You would normally have multiple date dimensions (at different grains) in your data warehouse as you would have facts at different date grains.

Each date dimension would hold hold attributes applicable to levels higher up in the date hierarchy. So a Dim_Day might hold day, week, month, year attributes; Dim_Month might hold month, quarter and year attributes, etc.

PRIMARY KEYS

Primary keys are rarely (never?) a technical requirement when creating tables in a database i.e. you can create a table without defining a PK. So you need to consider why we normally (at least in OLTP DBs) include PKs. Common reasons include:

  • To easily identify an individual record
  • To ensure that duplicate records (those with the same PK value) are not created

So there are good reasons for creating PKs, however there are cost overheads e.g. the PK needs to be checked every time a new record is inserted into the table.

In a dimensional model where you are performing bulk inserts/updates, having PKs would cause a significant performance hit. Additionally, the insert logic/checks should always be implemented in your ETL processes so there is no need to include these types of checks/constraints in the DB itself.

Fact tables do have a primary key but it is often implicit rather than explicit - so a group of the FKs in the fact table uniquely identify each record.
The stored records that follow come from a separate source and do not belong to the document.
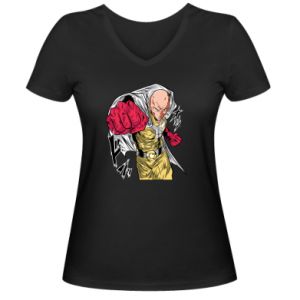 Koszulka V-neck damska One Punch Man uderza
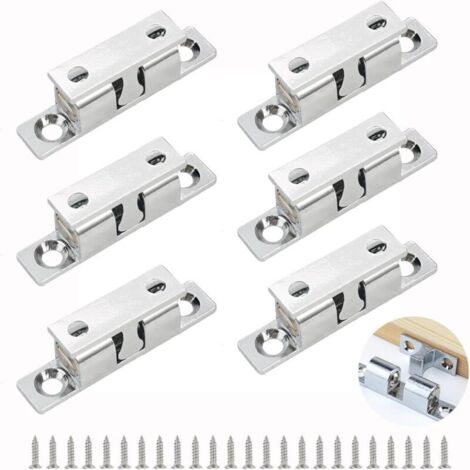 6 Pièces Loqueteau à Bille, 46mm Loquet à Double Rouleau Réglables Loquet à Bille pour Porte D'armoire Loqueteaux de Meuble de Porte Avec 24 Vis, pour Placard Armoires, Salle de Bain, Tiroirs (Argent) (1/5)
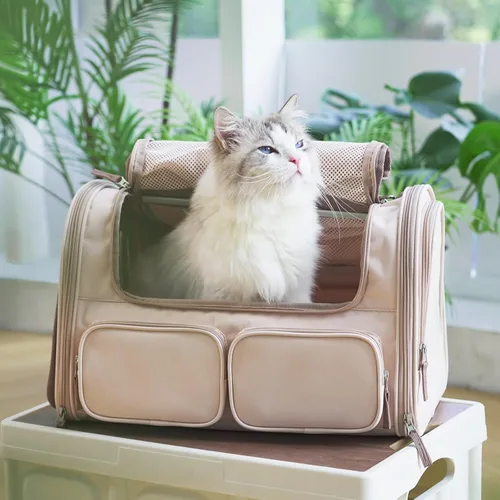 Miniatura 8 de Transportador FUKUMARU para gatos, transportador para perros pequeños con 4 ventanas de malla, bolsa de viaje para gatos con 4 bolsillos de Rosa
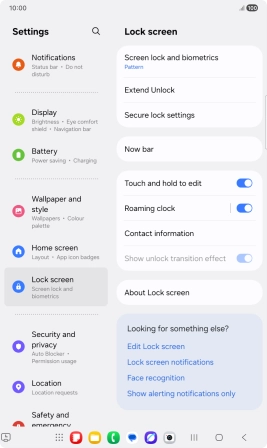 Press Screen lock and biometrics and key in the current lock code. Press Screen lock and biometrics and key in the current lock code.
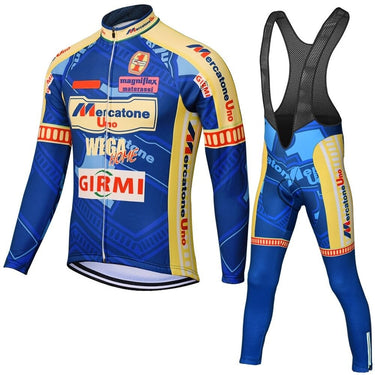 Mercatone Uno Wega Retro Cycling Jersey Long Set (With Fleece Option) Retro Cycling Set - Retro Peloton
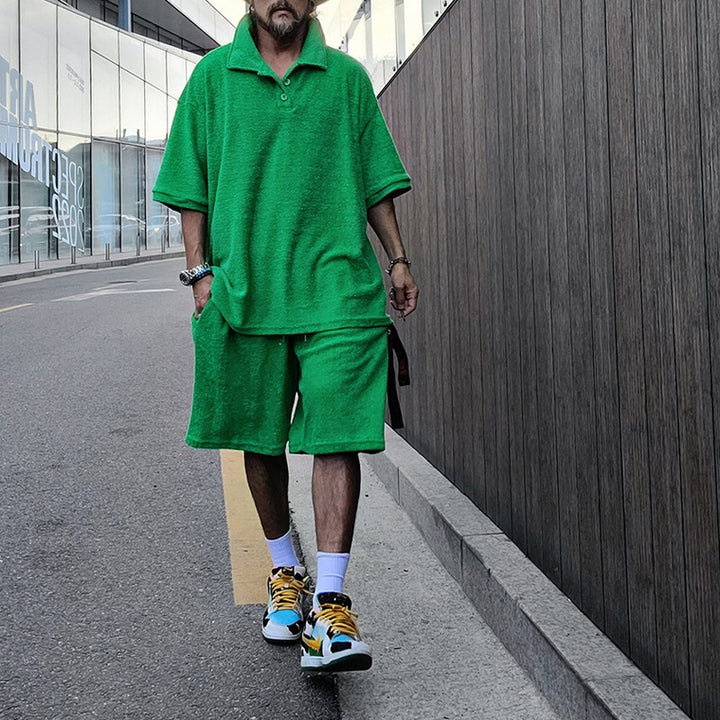 Herren oversized T-shirt och shorts-set med avslappnad design Eva Jonsson-Eva Jonsson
This compound PK may be documented but is is never enabled/implemented.

Occasionally a fact table will have an explicit, single column, PK. This is normally used when the fact table needs to be updated and its implicit PK involves a large number of columns. There is normally logic required to identify the record to be updated using its FKs but this returns the PK; then the update statement just has a clause like this:

WHERE table_pk = 12345678

rather than having to include all the columns in the implicit PK:

WHERE table_sk1 = 1234
AND table_sk2 = 5678
AND table_sk3 = 9876
....

Hope this helps?